Mendel et Darwin, une relation énigmatique

Cette année marque le 200e anniversaire de la naissance de Gregor Johan Mendel à Heinzendorf (ancien empire autrichien, aujourd’hui République tchèque). Ce frère augustin est, paradoxalement, entré dans l’histoire comme le fondateur de la génétique et de l’hérédité grâce à la publication en 1866 de ses expériences sur le croisement des plants de pois (Recherches sur des hybrides végétaux).

Or, peu de temps auparavant, en 1859, le naturaliste anglais Charles Darwin avait publié L’origine des espèces, dans lequel il proposait la théorie de la sélection naturelle pour expliquer l’évolution des êtres vivants. Les deux ouvrages fondateurs de la biologie moderne ont donc été publiés en l’espace de huit ans seulement.

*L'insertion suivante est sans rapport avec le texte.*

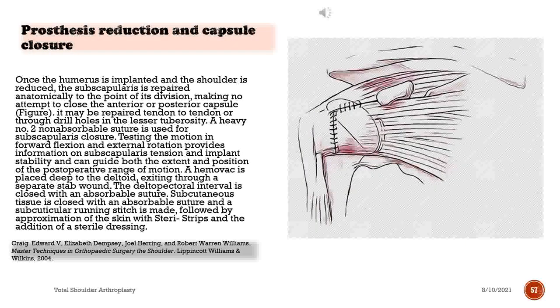Once the humerus is implanted and the shoulder is reduced, the subscapularis is repaired anatomically to the point of its division, making no attempt to close the anterior or posterior capsule. It may be repaired tendon to tendon or through drill holes in the lesser tuberosity, using a heavy number 2 non-absorbable suture. Testing motion in forward flexion and external rotation provides information on subscapularis tension and implant stability, guiding extent and position of postoperative range of motion. A hemovac is placed deep to the deltoid, exiting through a separate stab wound. The deltopectoral interval is closed with absorbable suture, subcutaneous tissue with absorbable suture, and a subcuticular running stitch is made, followed by sterile strips and a sterile dressing.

Les trajectoires des deux œuvres et de leurs auteurs, loin de converger et de se compléter comme nous le savons aujourd’hui, étaient alors perçues comme très différentes. La théorie de l’évolution par la sélection naturelle a rapidement provoqué un séisme d’opinions et de controverses, ébranlant les fondements de la pensée sociale et religieuse dans le dernier tiers du XIXe siècle. Acclamé ou honni, Charles Darwin est devenu une figure éminente de son temps.

En revanche, les croisements de plants de pois ont été complètement oubliés jusqu’à leur redécouverte en 1900. Après sa publication, qui est passée pratiquement inaperçue à l’exception de quelques chercheurs, Mendel s’est concentré sur ses devoirs religieux et a dirigé le monastère augustin de Brno jusqu’à sa mort en 1884.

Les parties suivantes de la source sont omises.